Em análise crítica do Projeto de Lei nº 156/2009 (“novo Código de Processo Penal”), o eminente processualista Jacinto Nelson de Miranda Coutinho[16] assevera que a mais relevante mudança trazida pelo referido Projeto é a mudança do sistema inquisitório – adotado pelo atual CPP – para o sistema acusatório, que foi abraçado pela Comissão que elaborou o Projeto para compatibilizá-lo com a Constituição da República de 1988. Observa Jacinto Coutinho que na CR está um modelo de processo penal “que só pode ser estruturado no sistema acusatório”. [17]

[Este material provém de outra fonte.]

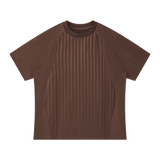 MIROLYUB Touchline — Coffee, front view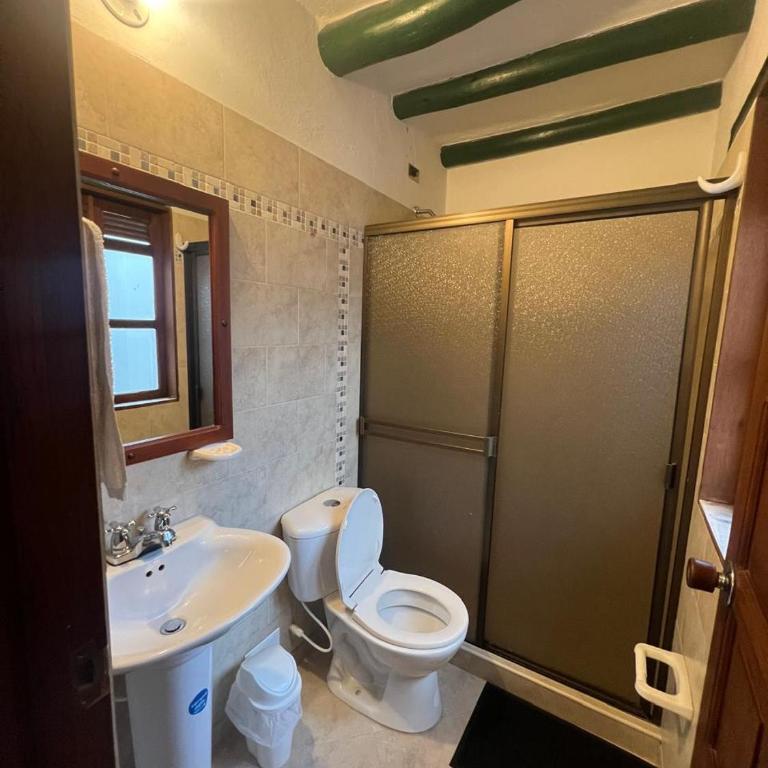 La Morada de la Villa 201 - Two-Bedroom Apartment - 13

No que pese toda a discussão acerca do sistema processual adotado[18], na esteira de Geraldo Prado,[19] entre outros, entende-se que a Constituição da República, embora não declare expressamente, abraçou o sistema acusatório. Contudo, importante ressaltar que, infelizmente, o princípio e o sistema acusatórios são “meras promessas” que deverão ser cumpridas por um novo Código de Processo Penal.

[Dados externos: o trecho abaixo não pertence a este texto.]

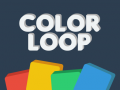 Spiel Color Loop
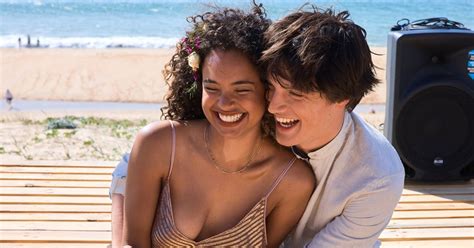 All The Romance And Sex Shows You Can Watch On TV In This Summer Of Love Mirror Online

Assim, no âmbito da democracia material (real), participativa, integradora e solidária, o processo penal não pode ser tomado apenas como instrumento de composição de litígio penal, devendo sim, especialmente, ser um instrumento político de participação, de acordo com o nível de democratização da sociedade. De tal modo, torna-se imprescindível a “coordenação entre direito, processo e democracia, o que ocorre pelo desejável caminho da Constituição, porquanto, institucionalizando a proteção dos mencionados direitos, reconhece-se que somente pela via democrática atingirão sua plena efetividade”. [20]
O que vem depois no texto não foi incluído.